By cloning the first travelling-wave subarray and mirror it, the third travelling-wave subarray may be created, thereby achieving a symmetrical FOV.

In an eighth possible implementation of the analog beam-steerable phased-array antenna according to the seventh possible implementation of the first aspect, the third phase offset between each pair of neighbouring antenna elements is smaller than 360 degrees for frequencies of intended operation of the third travelling-wave subarray.

In a ninth possible implementation of the analog beam-steerable phased-array antenna according to the seventh possible implementation of the first aspect, the third phase offset between each pair of neighbouring antenna elements is greater than 360 degrees for frequencies of intended operation of the third travelling-wave subarray.

In a tenth possible implementation of the analog beam-steerable phased-array antenna according to the seventh, the eighth, or the ninth possible implementation of the first aspect, the analog beam-steerable phased-array antenna comprises a phase shifter arranged at a second end of the third travelling-wave subarray.
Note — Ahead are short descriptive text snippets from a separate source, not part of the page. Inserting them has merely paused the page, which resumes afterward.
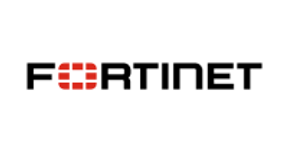 Fortinet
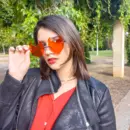 Fotografía de Yáiza Sevillano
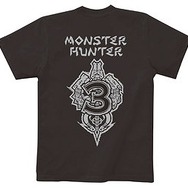 「モンスターハンターフェスタ09」、販売オリジナルグッズを一足おさきにドーンと紹介！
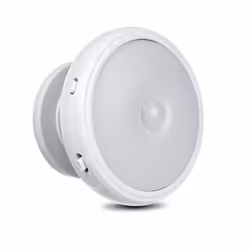 Maclean MCE223, 5 ampoule(s), LED, Blanc, Batterie, AAA, 90 mm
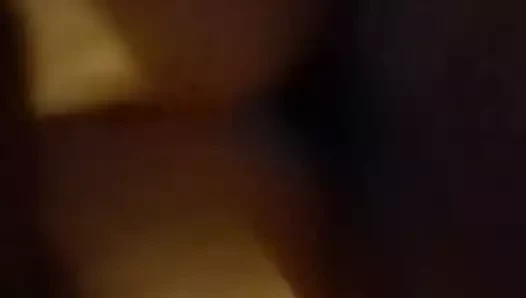 Büyük götlü süper ıslak ateşli!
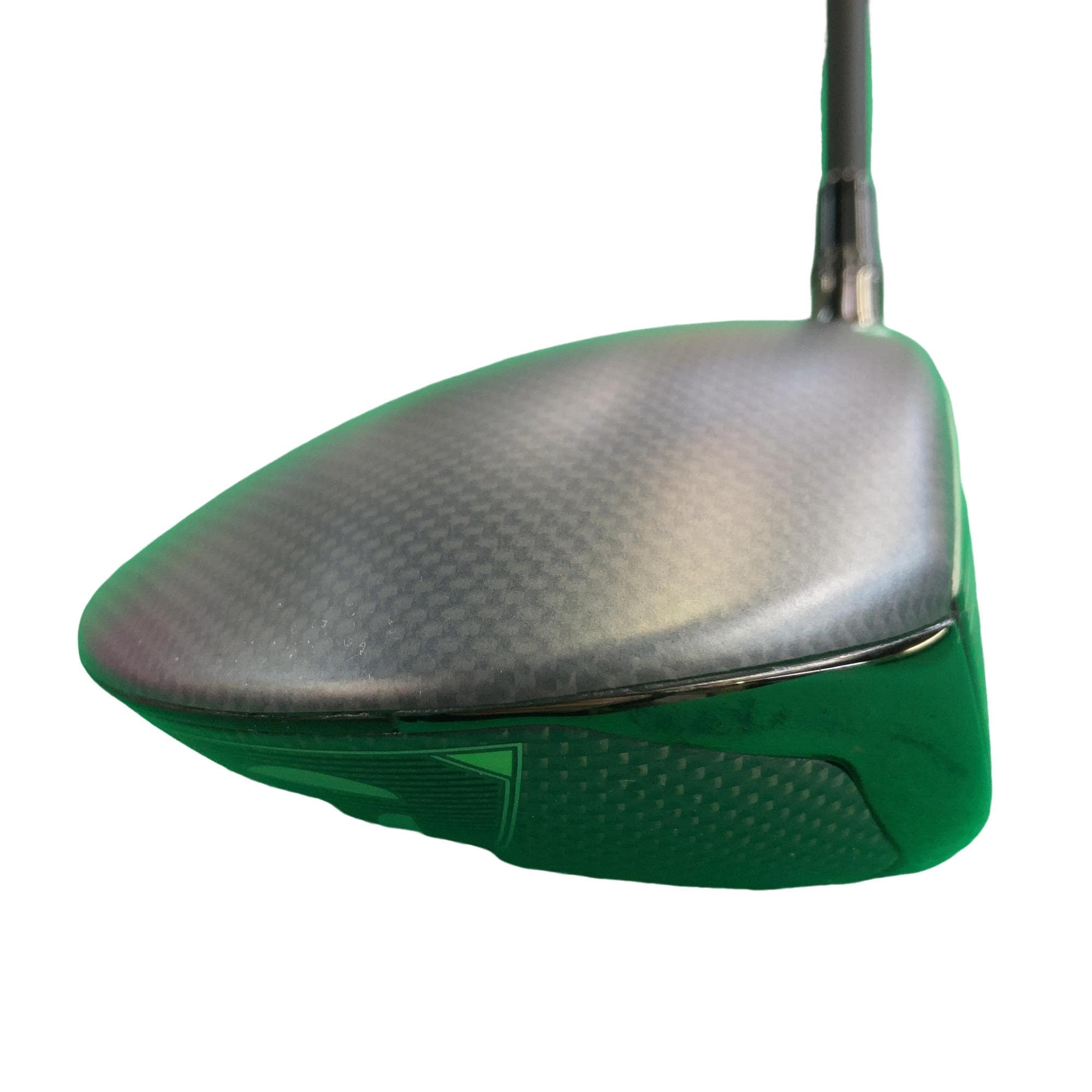 �p���R�T�@�k�r�@�@�X°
Further, the analog beam- steerable phased-array antenna comprises a second switch configured to alter feed between either the phase shifter arranged at the second end of the second travelling-wave subarray, and the fourth termination load, arranged at the second end of the second travelling-wave subarray. The analog beam-steerable phased-array antenna furthermore comprises a third switch configured to alter feed between either a fourth phase shifter arranged at the first end of the second travelling-wave subarray, and the second termination load, arranged at the first end of the second travelling-wave subarray.

Thereby, further implementation details are described in order to improve the beam forming.
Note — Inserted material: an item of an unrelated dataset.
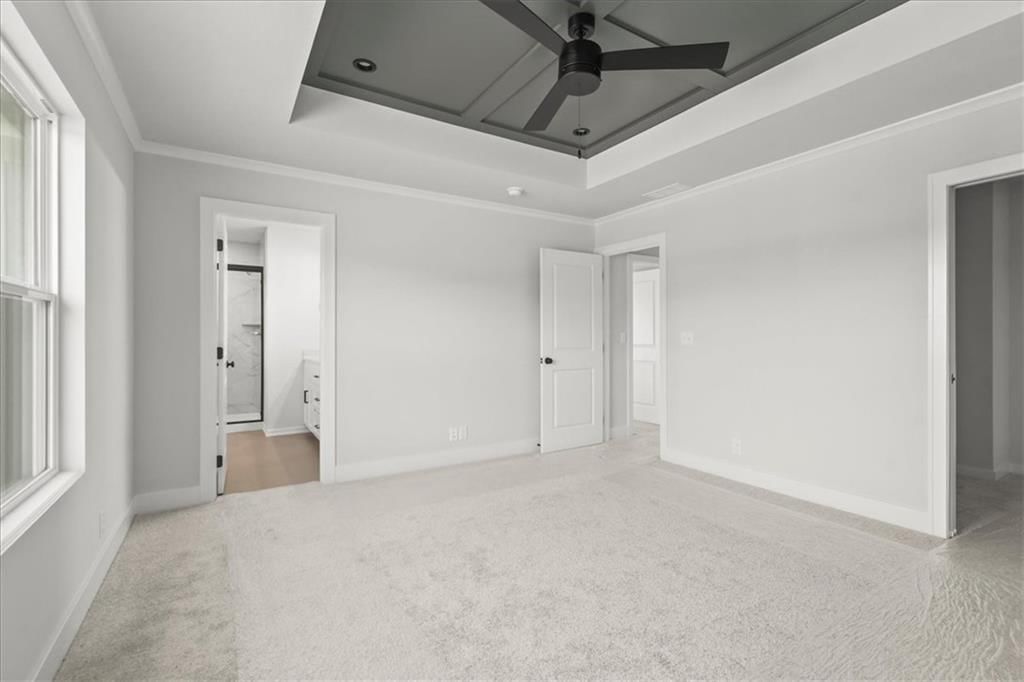 4300 SE Adams Drive — photo 14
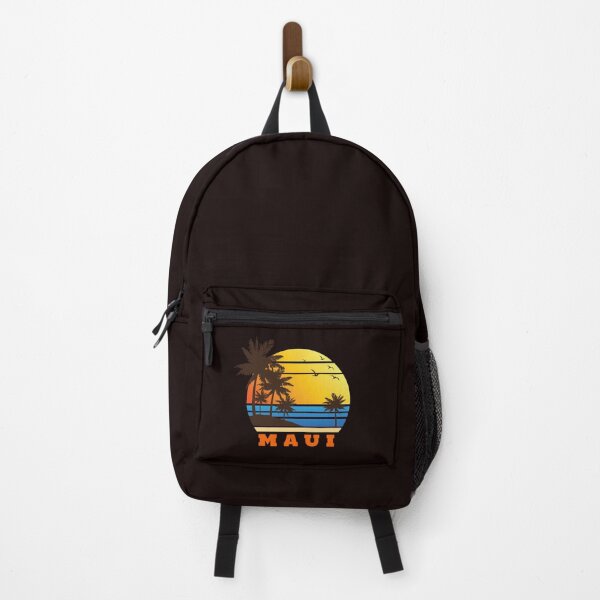 Item preview, Maui designed and sold by theopenwave.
In an eleventh possible implementation of the analog beam-steerable phased-array antenna according to the seventh, the eighth, the ninth, or the tenth possible implementation of the first aspect, at least one of the second termination load or the fourth termination load comprises a coupler-based phase shifter.
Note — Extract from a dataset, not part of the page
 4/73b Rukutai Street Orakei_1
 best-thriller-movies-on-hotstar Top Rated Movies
By using coupler-based phase shifters, the number of required switches may be further decreased, which reduces production costs.

In a twelfth possible implementation of the analog beam-steerable phased-array antenna according to the first aspect, or according to any previously disclosed possible implementation thereof, the second travelling-wave subarray is in active state, together with either the first travelling-wave subarray, or alternatively the third travelling-wave subarray.

In a thirteenth possible implementation of the analog beam-steerable phased-array antenna according to the first aspect, or according to any previously disclosed possible implementation thereof, the analog beam-steerable phased-array antenna comprises a fixed phase shift value between any two directly connected phase shifters in active state.

According to a second aspect, a method is provided for controlling an analog beam- steerable phased-array antenna according to the first aspect, or any previously disclosed implementation thereof. The method comprises feeding a central feed of the analog beam- steerable phased-array antenna. Further, the method also comprises adjusting phase shifters of the analog beam-steerable phased-array antenna for creating a switched plurality of antenna beams. By utilising travelling wave subarrays, implementation costs are decreased as system complexity is reduced, while high gain / efficiency is maintained. Thereby an improved performance in the electrically steerable array antenna is achieved.

In a first possible implementation of the method according to the second aspect, a switch is controlled, to select two travelling-wave subarrays to be set in active state.

Thereby an improved performance within the wireless communication system is provided.

Other objects, advantages and novel features of the aspects of the invention will become apparent from the following detailed description.

BRIEF DESCRIPTION OF THE DRAWINGS

Various embodiments are described in more detail with reference to attached drawings in which:

Figure 1A illustrates a beam steerable phased-array based on travelling-wave array according to an embodiment.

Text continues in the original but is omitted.